# Lost my virginity



## Tryingtoacceptmyself (Jan 8, 2014)

I was abroad in Australia and arranged a meetup at a girls house. This was through tinder. I took uber. We were watching a show and things escalated. I had my arm stretched out on the couch next to me before she sat down. This was subtle but seemed to help. She asked me what I was thinking and I said "I really want to kiss you but i'm bad at making a move". She literally facepalmed and then we both started laughing. We made out (This is the second girl i've kissed). She asked me what I was up for and I said anything. She was shocked when she noticed me heart rate and I just said "I'm kinda the anxious type." So we had sex and it seemed like we both really enjoyed it.

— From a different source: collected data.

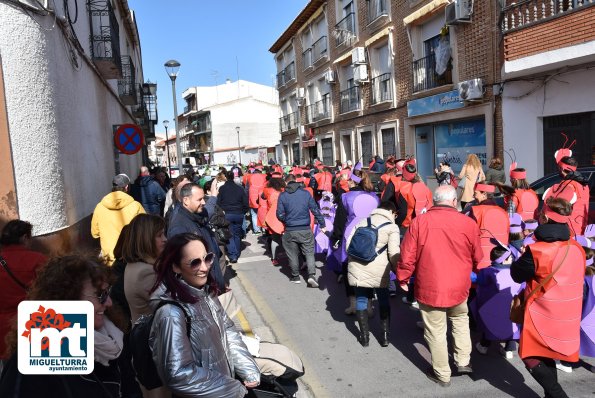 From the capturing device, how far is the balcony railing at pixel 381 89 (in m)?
18.2

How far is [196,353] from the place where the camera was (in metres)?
2.08

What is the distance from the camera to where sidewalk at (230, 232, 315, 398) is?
13.5 feet

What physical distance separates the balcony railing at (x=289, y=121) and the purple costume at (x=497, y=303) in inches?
1116

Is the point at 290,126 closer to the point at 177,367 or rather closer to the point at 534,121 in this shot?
the point at 534,121

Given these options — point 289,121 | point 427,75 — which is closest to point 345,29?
point 427,75

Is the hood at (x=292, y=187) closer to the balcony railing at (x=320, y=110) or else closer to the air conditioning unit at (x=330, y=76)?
the air conditioning unit at (x=330, y=76)

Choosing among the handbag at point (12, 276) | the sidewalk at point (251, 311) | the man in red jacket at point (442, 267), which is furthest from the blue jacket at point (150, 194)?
the man in red jacket at point (442, 267)

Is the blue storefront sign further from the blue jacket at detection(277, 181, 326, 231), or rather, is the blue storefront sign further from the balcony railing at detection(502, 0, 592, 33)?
the blue jacket at detection(277, 181, 326, 231)

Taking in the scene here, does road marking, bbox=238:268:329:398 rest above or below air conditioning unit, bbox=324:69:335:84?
below

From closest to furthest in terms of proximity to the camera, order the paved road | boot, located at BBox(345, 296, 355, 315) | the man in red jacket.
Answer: the man in red jacket
the paved road
boot, located at BBox(345, 296, 355, 315)

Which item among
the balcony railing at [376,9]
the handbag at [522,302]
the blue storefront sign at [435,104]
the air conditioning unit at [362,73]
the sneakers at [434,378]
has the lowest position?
the sneakers at [434,378]

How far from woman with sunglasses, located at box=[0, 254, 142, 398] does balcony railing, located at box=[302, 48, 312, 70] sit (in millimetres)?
26376

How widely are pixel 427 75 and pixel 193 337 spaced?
15.2m

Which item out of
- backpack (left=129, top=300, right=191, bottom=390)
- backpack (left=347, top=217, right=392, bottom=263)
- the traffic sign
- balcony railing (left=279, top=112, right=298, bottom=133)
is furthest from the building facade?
backpack (left=129, top=300, right=191, bottom=390) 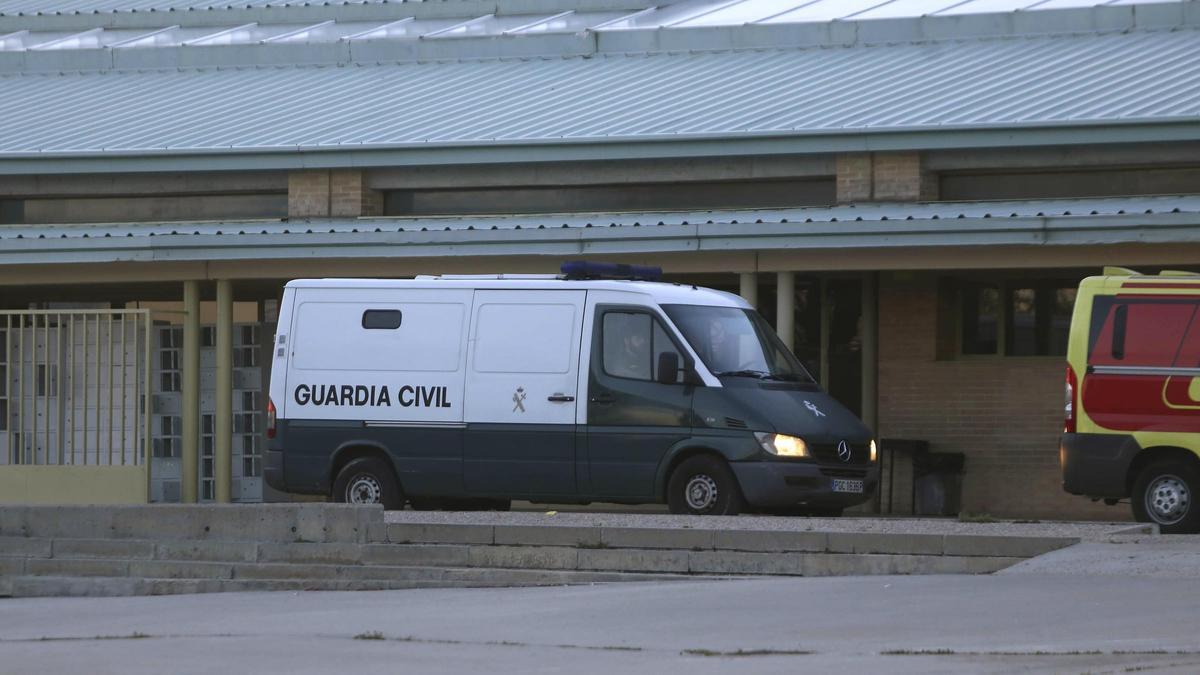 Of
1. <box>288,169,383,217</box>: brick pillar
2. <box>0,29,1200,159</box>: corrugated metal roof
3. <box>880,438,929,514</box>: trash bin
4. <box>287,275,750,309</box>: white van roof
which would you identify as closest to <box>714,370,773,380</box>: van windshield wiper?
<box>287,275,750,309</box>: white van roof

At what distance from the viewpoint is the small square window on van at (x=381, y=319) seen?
56.1 ft

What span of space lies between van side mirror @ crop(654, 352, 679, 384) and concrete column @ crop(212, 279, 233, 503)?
6.86 m

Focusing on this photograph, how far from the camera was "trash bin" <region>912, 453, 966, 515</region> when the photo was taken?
20984 mm

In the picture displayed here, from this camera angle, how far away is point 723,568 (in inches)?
511

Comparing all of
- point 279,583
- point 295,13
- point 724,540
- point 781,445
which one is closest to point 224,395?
point 781,445

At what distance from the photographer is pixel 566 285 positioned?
54.3ft

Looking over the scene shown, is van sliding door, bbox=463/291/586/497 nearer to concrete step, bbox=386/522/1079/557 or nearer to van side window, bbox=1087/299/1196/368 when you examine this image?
concrete step, bbox=386/522/1079/557

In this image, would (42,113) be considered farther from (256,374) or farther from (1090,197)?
(1090,197)

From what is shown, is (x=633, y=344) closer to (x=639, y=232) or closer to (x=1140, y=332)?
(x=639, y=232)

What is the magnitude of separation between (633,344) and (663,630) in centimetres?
621

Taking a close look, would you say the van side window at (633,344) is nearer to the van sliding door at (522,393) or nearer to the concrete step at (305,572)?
the van sliding door at (522,393)

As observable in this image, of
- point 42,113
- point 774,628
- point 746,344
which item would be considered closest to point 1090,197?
point 746,344

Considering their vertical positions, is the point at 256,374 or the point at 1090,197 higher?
the point at 1090,197

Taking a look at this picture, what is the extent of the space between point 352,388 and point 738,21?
1075 centimetres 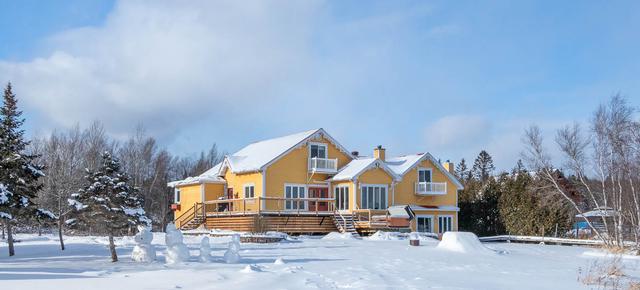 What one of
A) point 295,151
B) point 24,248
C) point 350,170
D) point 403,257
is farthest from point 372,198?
point 24,248

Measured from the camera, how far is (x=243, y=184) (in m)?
39.5

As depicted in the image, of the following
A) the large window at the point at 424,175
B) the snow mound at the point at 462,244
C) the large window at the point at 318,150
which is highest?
the large window at the point at 318,150

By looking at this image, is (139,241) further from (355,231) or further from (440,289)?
(355,231)

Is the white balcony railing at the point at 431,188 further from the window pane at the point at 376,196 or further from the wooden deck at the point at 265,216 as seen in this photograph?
the wooden deck at the point at 265,216

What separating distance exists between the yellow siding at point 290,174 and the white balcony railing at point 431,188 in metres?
6.14

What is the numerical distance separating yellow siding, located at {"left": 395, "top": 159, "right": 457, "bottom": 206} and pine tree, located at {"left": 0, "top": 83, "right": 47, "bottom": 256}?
Answer: 950 inches

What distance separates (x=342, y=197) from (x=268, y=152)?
18.0 ft

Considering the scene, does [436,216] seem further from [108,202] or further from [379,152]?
[108,202]

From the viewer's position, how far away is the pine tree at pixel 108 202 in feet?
57.1

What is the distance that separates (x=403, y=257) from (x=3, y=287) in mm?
12489

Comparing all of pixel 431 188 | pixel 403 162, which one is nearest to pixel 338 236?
pixel 431 188

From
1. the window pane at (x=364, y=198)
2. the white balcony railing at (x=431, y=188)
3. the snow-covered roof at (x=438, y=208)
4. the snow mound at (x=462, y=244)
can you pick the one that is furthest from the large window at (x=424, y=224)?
the snow mound at (x=462, y=244)

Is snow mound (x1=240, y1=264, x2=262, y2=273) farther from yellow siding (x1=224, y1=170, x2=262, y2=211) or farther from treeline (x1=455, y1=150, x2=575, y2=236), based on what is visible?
treeline (x1=455, y1=150, x2=575, y2=236)

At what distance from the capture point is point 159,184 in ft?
198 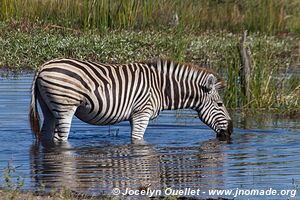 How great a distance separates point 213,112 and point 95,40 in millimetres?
7631

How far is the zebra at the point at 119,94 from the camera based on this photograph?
1017 centimetres

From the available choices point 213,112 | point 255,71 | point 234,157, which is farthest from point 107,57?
point 234,157

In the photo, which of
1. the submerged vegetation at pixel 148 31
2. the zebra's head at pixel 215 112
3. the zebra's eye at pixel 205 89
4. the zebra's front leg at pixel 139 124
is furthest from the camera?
the submerged vegetation at pixel 148 31

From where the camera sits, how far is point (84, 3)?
20156 mm

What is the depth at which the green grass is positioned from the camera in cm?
2053

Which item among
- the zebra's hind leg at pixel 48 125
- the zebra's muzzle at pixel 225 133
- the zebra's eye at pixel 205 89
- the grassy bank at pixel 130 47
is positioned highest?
the zebra's eye at pixel 205 89

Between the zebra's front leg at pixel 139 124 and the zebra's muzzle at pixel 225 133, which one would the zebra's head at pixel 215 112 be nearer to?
the zebra's muzzle at pixel 225 133

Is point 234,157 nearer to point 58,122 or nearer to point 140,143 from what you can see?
point 140,143

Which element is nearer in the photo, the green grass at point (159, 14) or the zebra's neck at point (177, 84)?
the zebra's neck at point (177, 84)

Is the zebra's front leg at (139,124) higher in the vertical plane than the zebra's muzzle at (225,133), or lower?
higher

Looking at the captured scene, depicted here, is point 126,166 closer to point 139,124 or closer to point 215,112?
point 139,124

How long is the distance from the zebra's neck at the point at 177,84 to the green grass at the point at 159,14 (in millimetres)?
8061

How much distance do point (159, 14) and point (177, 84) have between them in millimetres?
10763

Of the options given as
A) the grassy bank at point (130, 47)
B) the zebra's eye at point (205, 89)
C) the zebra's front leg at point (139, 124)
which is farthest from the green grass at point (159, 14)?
the zebra's front leg at point (139, 124) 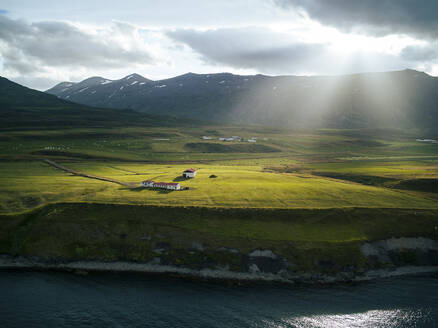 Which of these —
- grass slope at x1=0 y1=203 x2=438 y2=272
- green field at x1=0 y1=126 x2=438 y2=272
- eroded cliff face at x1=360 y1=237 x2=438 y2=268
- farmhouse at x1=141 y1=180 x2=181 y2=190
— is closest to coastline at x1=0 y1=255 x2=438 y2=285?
grass slope at x1=0 y1=203 x2=438 y2=272

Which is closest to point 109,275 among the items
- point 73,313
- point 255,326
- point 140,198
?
point 73,313

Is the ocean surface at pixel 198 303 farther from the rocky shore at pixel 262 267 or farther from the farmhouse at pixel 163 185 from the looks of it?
the farmhouse at pixel 163 185

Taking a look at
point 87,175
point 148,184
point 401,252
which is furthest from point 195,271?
point 87,175

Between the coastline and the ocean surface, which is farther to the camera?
the coastline

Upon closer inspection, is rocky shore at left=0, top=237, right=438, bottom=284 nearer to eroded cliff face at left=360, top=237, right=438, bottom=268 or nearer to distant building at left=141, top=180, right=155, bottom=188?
eroded cliff face at left=360, top=237, right=438, bottom=268

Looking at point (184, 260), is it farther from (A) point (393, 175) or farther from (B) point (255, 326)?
(A) point (393, 175)

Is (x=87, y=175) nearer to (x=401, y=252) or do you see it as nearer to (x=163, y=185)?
A: (x=163, y=185) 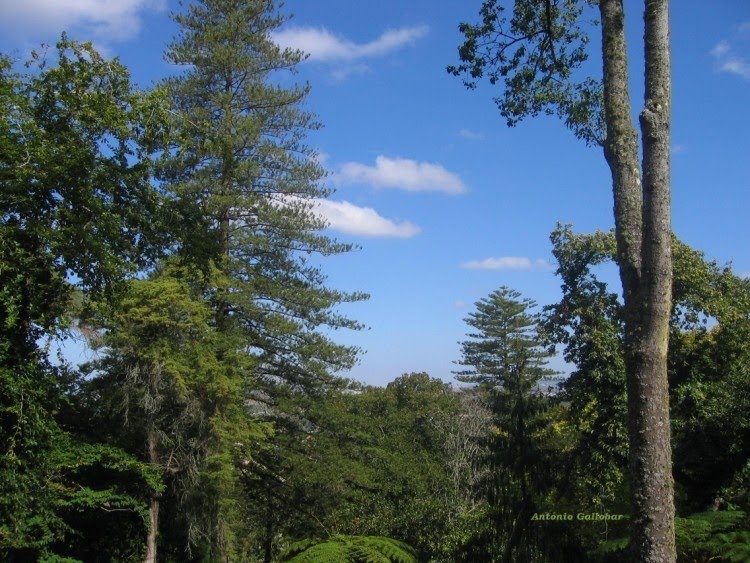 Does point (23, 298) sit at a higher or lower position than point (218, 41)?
lower

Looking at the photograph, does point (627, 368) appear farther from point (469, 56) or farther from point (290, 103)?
point (290, 103)

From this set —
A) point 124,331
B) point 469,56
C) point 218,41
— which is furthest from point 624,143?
point 218,41

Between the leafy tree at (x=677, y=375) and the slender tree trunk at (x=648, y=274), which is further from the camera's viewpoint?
the leafy tree at (x=677, y=375)

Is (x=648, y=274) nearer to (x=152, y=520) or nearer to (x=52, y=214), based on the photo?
(x=52, y=214)

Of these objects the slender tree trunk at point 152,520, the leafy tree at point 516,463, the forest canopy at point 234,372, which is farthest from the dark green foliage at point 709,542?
the slender tree trunk at point 152,520

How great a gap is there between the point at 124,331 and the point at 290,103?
7.74 metres

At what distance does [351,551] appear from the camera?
6086 mm

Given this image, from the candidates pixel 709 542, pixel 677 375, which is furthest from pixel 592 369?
pixel 709 542

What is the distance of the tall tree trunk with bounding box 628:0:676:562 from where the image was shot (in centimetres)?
381

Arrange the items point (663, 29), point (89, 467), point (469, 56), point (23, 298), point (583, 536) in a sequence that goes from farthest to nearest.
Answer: point (89, 467) < point (583, 536) < point (23, 298) < point (469, 56) < point (663, 29)

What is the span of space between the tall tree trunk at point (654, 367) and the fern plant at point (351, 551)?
2.61 metres

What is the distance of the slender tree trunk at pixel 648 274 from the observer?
3.83 meters

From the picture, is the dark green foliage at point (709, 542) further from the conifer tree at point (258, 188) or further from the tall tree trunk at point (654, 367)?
the conifer tree at point (258, 188)

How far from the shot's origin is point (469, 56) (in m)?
6.09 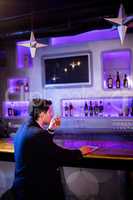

I was not the most suave, I didn't say anything perfect except for "I really want to please you." She reacted nicely to that. The point is, this is possible. I acted like it wasn't a big deal that i'd never had sex before and we were giggly and open. 

One of the best experiances of my life, yet I don't feel too changed. In fact i'm as lonely as ever. However this was a definite confidence boost and I do feel like i'll take away from it.


----------



## linzers (Dec 7, 2015)

WELL good job! I always get tested after doing stuff like that, make sure you do too. Can never be too safe.


----------



## Tryingtoacceptmyself (Jan 8, 2014)

linzers said:


> WELL good job! I always get tested after doing stuff like that, make sure you do too. Can never be too safe.


Yeah you're right


----------



## linzers (Dec 7, 2015)

Saw this and thought o f you


----------



## AussiePea (Mar 27, 2007)

Those damn aussie girls!  grats mate, and a note to all that you can be honest about lack of experience and apprehension without sending girls out the door at break neck speed.


----------



## ByStorm (Oct 22, 2013)

Very nice story. Hoping my first time will turn out as well.


----------



## Cassoulet94 (Apr 3, 2014)

Good for you !


----------



## Kevin001 (Jan 2, 2015)

Congrats bro, something to cross off your bucket list.


----------



## KILOBRAVO (Sep 17, 2011)

reciproicated sexual and emotional feelings between myself and another girl finally happened to me a few months ago... well mutual masturbation session Lol

just like sexy talk kinda built it ip in the backgorund, and after a while she kinda initiated, it the physical part.... i didnt even feel much awkward at all ( she asked me if i felt awkward and i said ''no' not really '') , kinda natural and it was fun. .. you feel a stupid warming glow inside and out after LOL... and we talked until like 5 am .. however, the next day i missed her like crazy.. (she said the same,) altho i had a smile on my face for like the entire day, and the thought of what we did was still kinda hot, and still in my mind

i agree, the experiance whatever form it takes.... leaves you craving it again more and more... so to share at least the very intimate moment with another person like that was at least something experienced. it kinda seems a biot more about the fact you were accepted into the intimacy sharing that actually the physical pleasure of whatever.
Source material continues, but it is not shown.